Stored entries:
▬▬▬

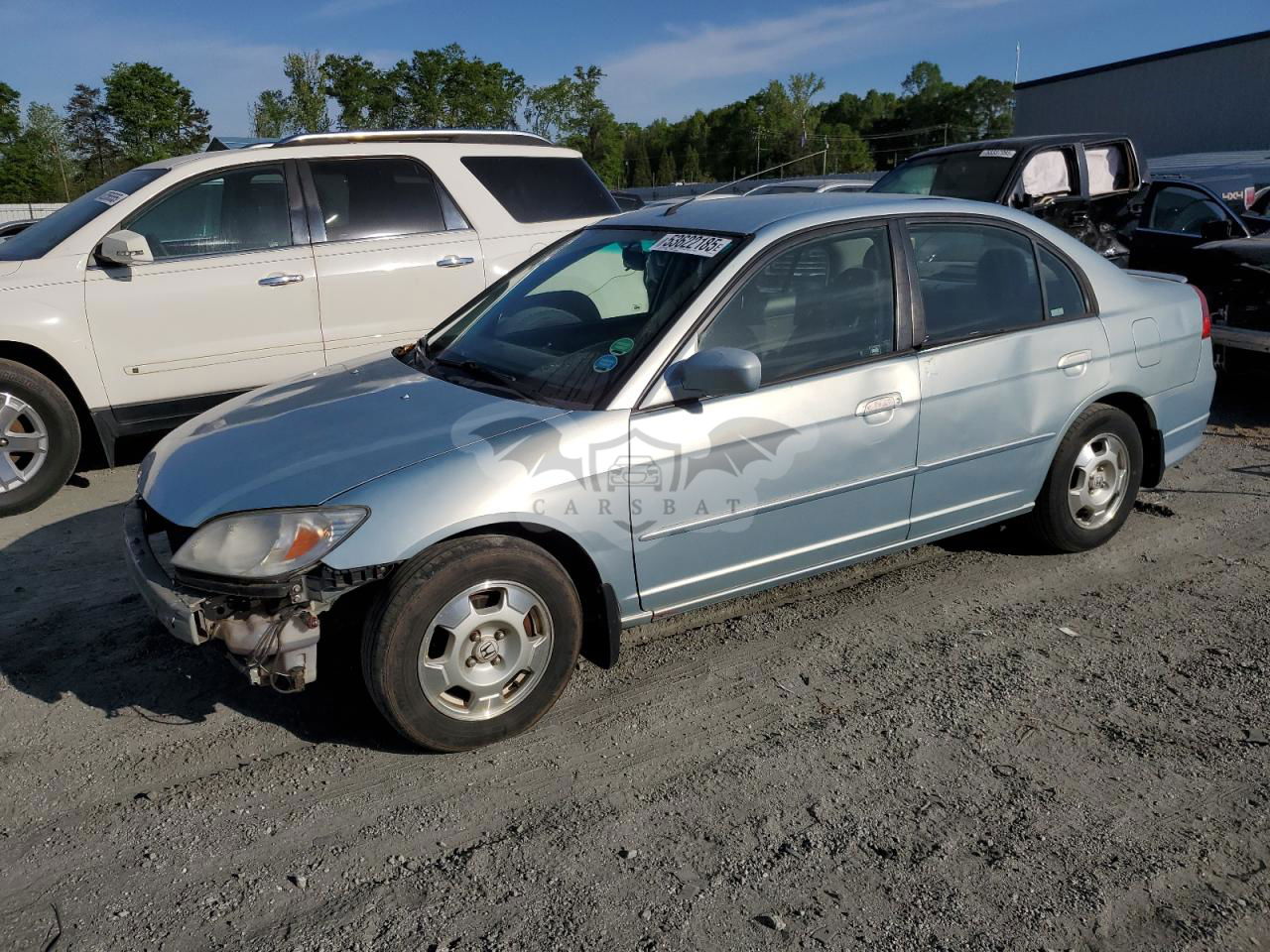 Honda Civic HYBRID 1.3L  4 2005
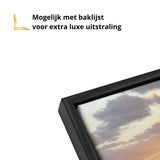 Canvas schilderij baklijst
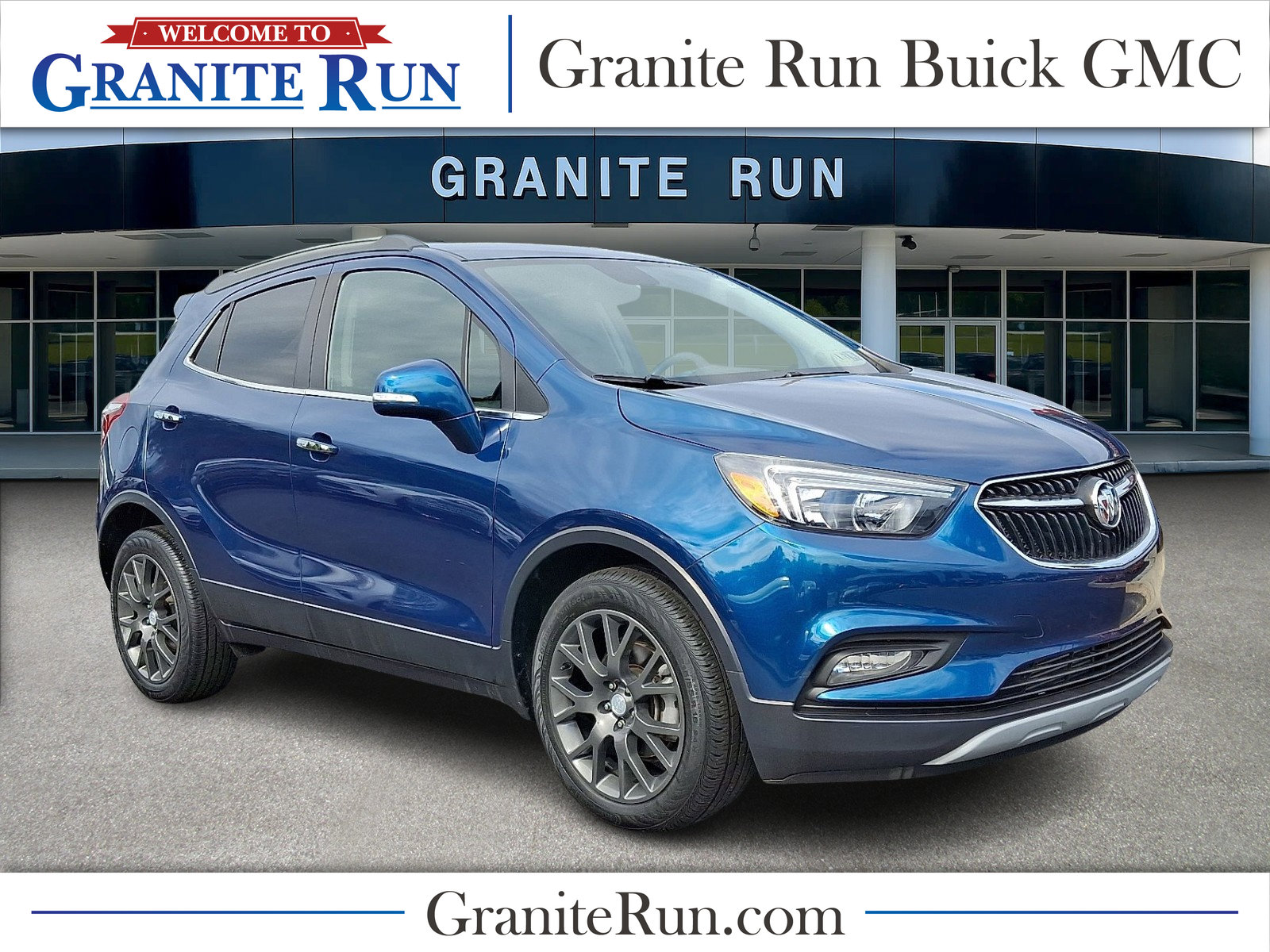 Used 2019 Buick Encore Sport Touring w/ Safety Package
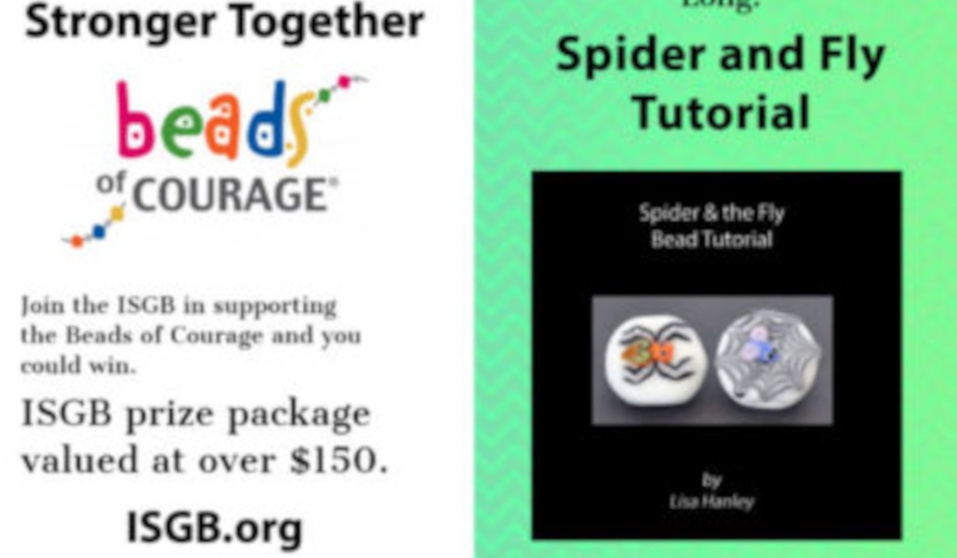 ISGB Creativity Challenge – Spider/Spiderweb Tutorial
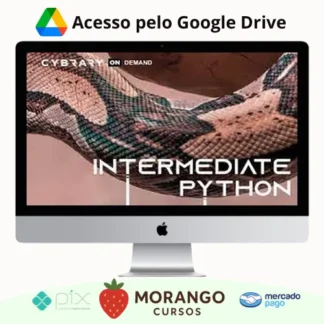Imagem do rateio do curso Cybrary.It: Intermediate Python - Joe Perry [Inglês]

▬▬▬

Task prompt: Reproduce each entry above word for word. Pictures are not part of the copy.

Answer area:
 Honda Civic HYBRID 1.3L  4 2005
 Canvas schilderij baklijst
 Used 2019 Buick Encore Sport Touring w/ Safety Package
 ISGB Creativity Challenge – Spider/Spiderweb Tutorial
Imagem do rateio do curso Cybrary.It: Intermediate Python - Joe Perry [Inglês]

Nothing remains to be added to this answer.